Daily Notes: 2025-11-28

daily

Published

November 28, 2025

ML Notes

Adaline: another single-layer neural network

Adaline: Adaptive Linear Neuron. Also known as the Widrow-Hoff rule: Published by Bernard Widrow and Tedd Hoff a few years after Rosenblatt’s perceptron algorithm as an improvement.
The Adaline algorithm is important because it introduces the importance of defining and minimizing continuous loss functions.
- This lays the groundwork for other ML classification algorithms such as logistic regression, support vector machines, multilayer neural networks, etc.

Comparison with Perceptron - Perceptron learning tweaks the weights when the predicted class (the net input and how it compares to the threshold) disagrees with the label. Each update uses eta * (target - predict(x)) and it counts the errors per epoch. - Consider the following loop from Perceptron.fit():

for _ in range(self.n_iter):
    errors = 0
    for xi, target in zip(X, y):
        update = self.eta * (target - self.predict(xi))
        self.w_ += update * xi
        self.b_ += update
        errors += int(update != 0.0)
    self.errors_.append(errors)
return self

Adaline uses Gradient Descent to differentiate from Perceptron in 2 important ways:

Linear activation: No more thresholding the net input. Instead, Adaline keeps the raw value net_input = wx + b and compares that to the true continuous target
Cost function and update: Adaline minimizes the sum of squared errors (SSE) between net_input and target.
- Gradient of SSE w.r.t. weights: (target - net_input) * x
- Weight update for weights & bias: w += eta * (target - net_input) * x

Why is the actual difference important?

The gradient using the actual difference is important because the updates become smoother and differentiable. This allows you to apply batch or stochastic gradient descent.

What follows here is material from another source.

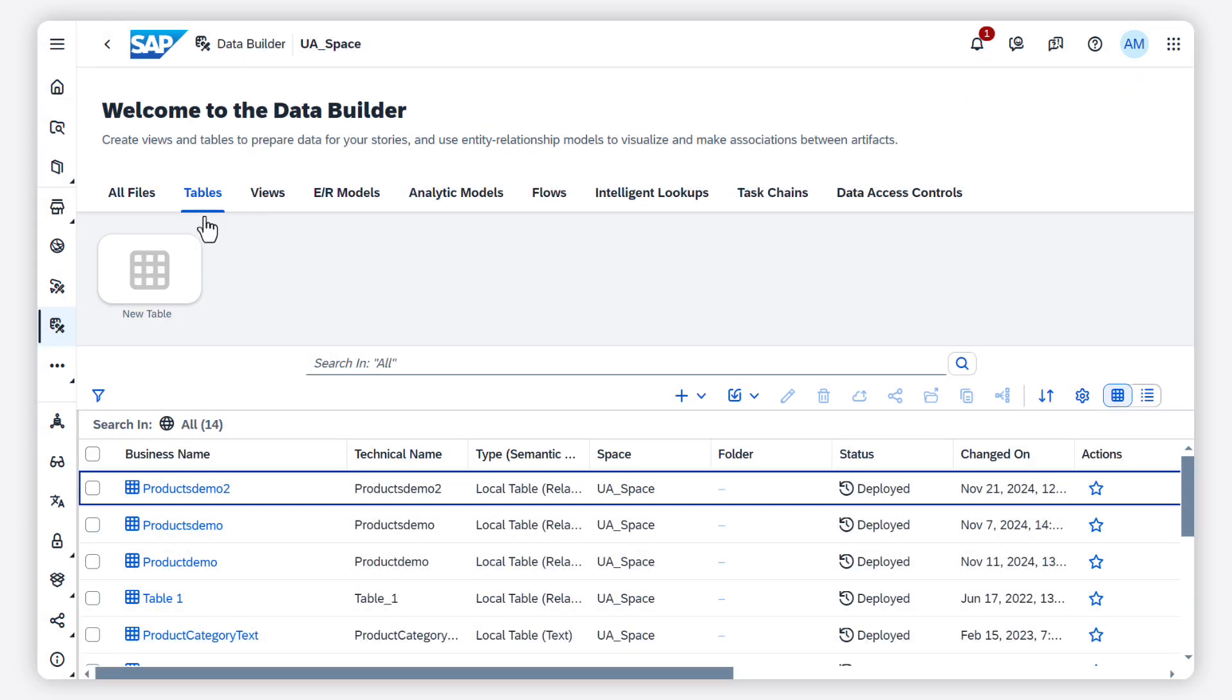A new table is created. That's it so far. Check out help.sap.com for more information. Thanks for watching.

Pseudocode for per-sample gradient descent loop:
- Compute net_input for each sample
- Calculate the error which is target - net_input
- Determine the direction and magnitude to update the weights by multiplying that error by the input vector x and learning rate eta
- Aggregate SSE per epoch to monitor whether it is converging

Why is this better than Perceptron?

Adaline relies on a continuous error surface, which allows it to converge when a Perceptron might oscillate

Personal Notes

This is the first time I’ve seen the mathematical intuition emerge as extremely important.
It’s hard to get back into ML studying. I’m trying to keep the big picture in mind of the “why” behind the learning.
It’s extremely motivating to listen to how Gabriel Petersson thinks about empowering yourself to learn using AI - getting down to the bottom of things and truly understanding vs. vibecoding.

Questions I still have

Why is Adaline a single layer neural network? I’m assuming it’s because there’s one “decision” that the algorithm makes before it corrects itself per epoch. This is consistent with what I’d expect given the videos I’ve seen of MNNs in action. Would love to understand whether this is correct.

Tomorrow’s plan

I need to study up on Gradient Descent to truly understand Adaline. I will watch 3Blue1Brown’s video as well.